Kitchen equipment and food safety

Damaged food equipment will harbour microorganisms and allow for the accumulation of dirt. Loose parts or broken elements of food equipment may cause physical contamination of food. It is therefore important that they are maintained in good condition. Plastic, in particular, can become brittle over time and become difficult to clean. Even equipment such as sieves and frying baskets may often wear over time and become a potential source of metal contamination. Visual checks must be made on equipment frequently and any defects, damage or missing parts must be reported to the manager directly and recorded on the daily/weekly diary. Equipment must be taken out of service is there is a chance of food contamination.

Complex equipment or equipment with moving parts tend to be more difficult to clean. It is therefore best to use separate equipment for raw and ready-to-eat food items (or items that are going to be consumed without cooking). This includes vacuum packing and mincing equipment which should be clearly labelled ‘raw meat only’ and ‘cooked foods’ (or similar) in order to distinguish uses. Vacuum bags and associated equipment must also be kept separate.

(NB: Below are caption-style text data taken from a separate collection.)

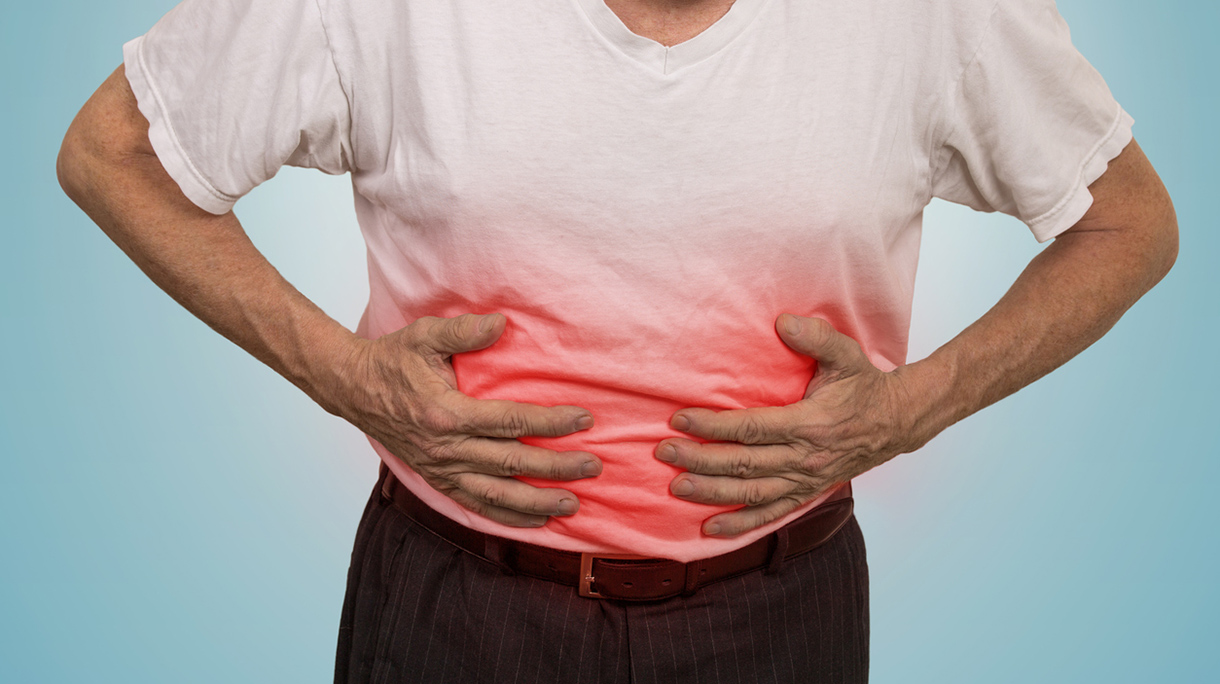 Stomach ache, man placing hands on the abdomen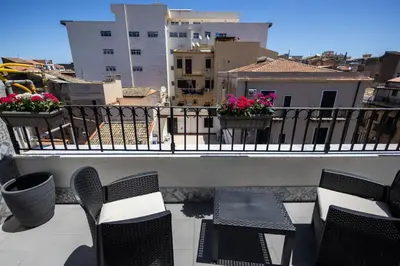 a balcony with chairs and tables and flowers on a building at Mangano Suites in Palermo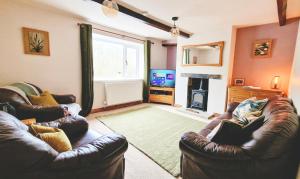 霍姆弗斯THE OLD WASH KITCHEN - Charming Character Cottage in Holmfirth, Yorkshire的客厅配有两张真皮沙发和一台电视机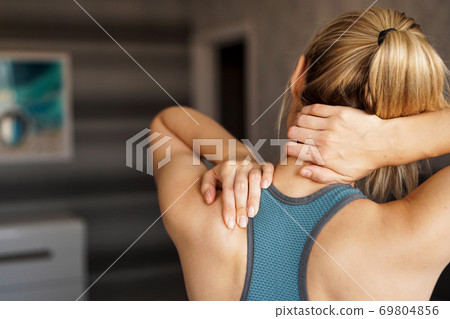 Sports injury concept. Athletic girl feeling pain in her neck Sports injury concept. Athletic girl feeling pain in her neck 69804856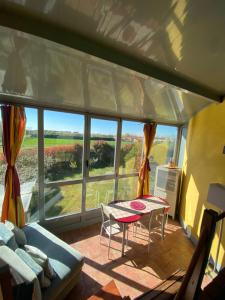 ein Wohnzimmer mit einem Tisch und einem großen Fenster in der Unterkunft I Silos Guest house in Seriate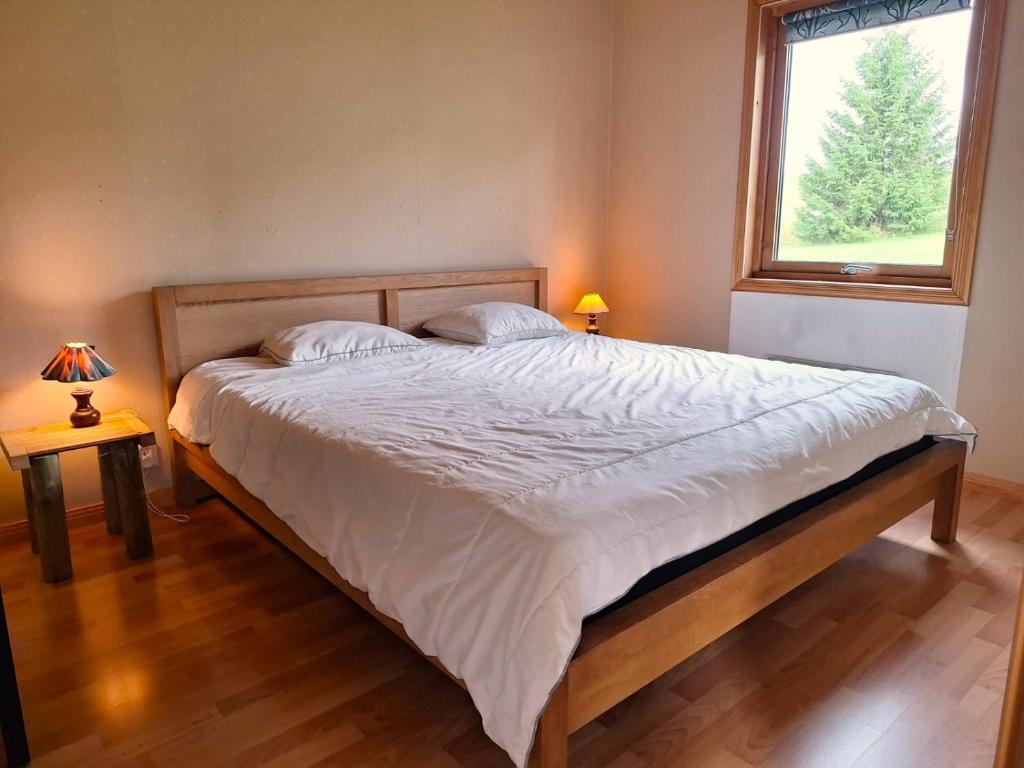 Postel nebo postele na pokoji v ubytování Sam Arctic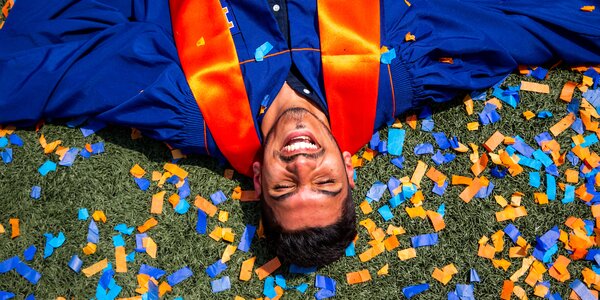 Students celebrate commencement at the University of Illinois Urbana- Champaign during the university-wide ceremony at Memorial Stadium.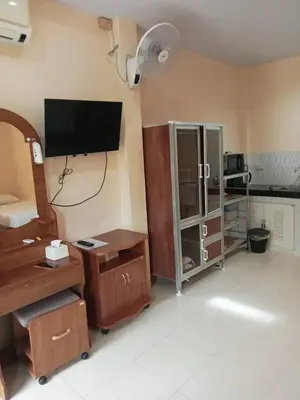 a living room with a television and a desk with a fan at Wattana Bungalow in Nai Yang Beach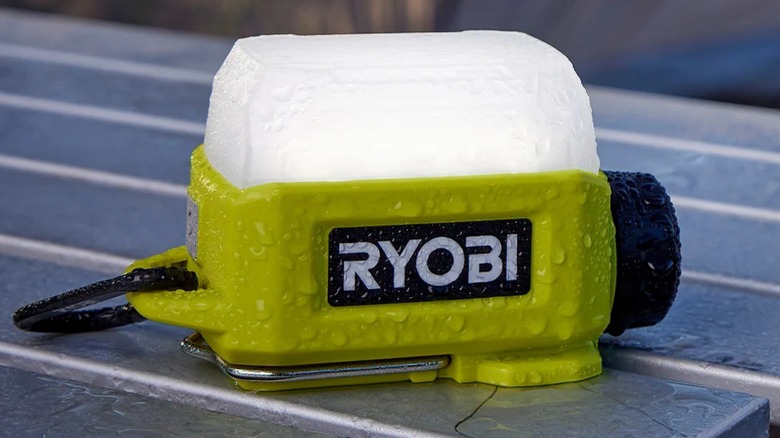 The Ryobi USB Lithium Cordless Compact Area Light on a table in a rainstorm.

Staff must always store food equipment in clean conditions away from sources of potential contamination. Equipment may be turned upside down or wrapped to prevent contamination. Equipment that is not used on a daily basis should be cleaned before use. Where equipment is used for mixed purposes it must be suitable for such a use; in that any component parts may be removed and cleaned/disinfected appropriately.

Wooden equipment is generally not permitted as it will harbour microorganisms and become easily scored (wooden chopping blocks are permitted for raw meat preparation though in certain circumstances e.g. where a considerable amount of butchery takes place). Jointed boards should be avoided. Wooden serving platters may be used if they are made of durable hard-wood, cleaned effectively and do not come into direct contact with food. Any split wooden equipment must be disposed of.

All equipment must be washed and/or disinfected appropriately between uses to prevent cross-contamination.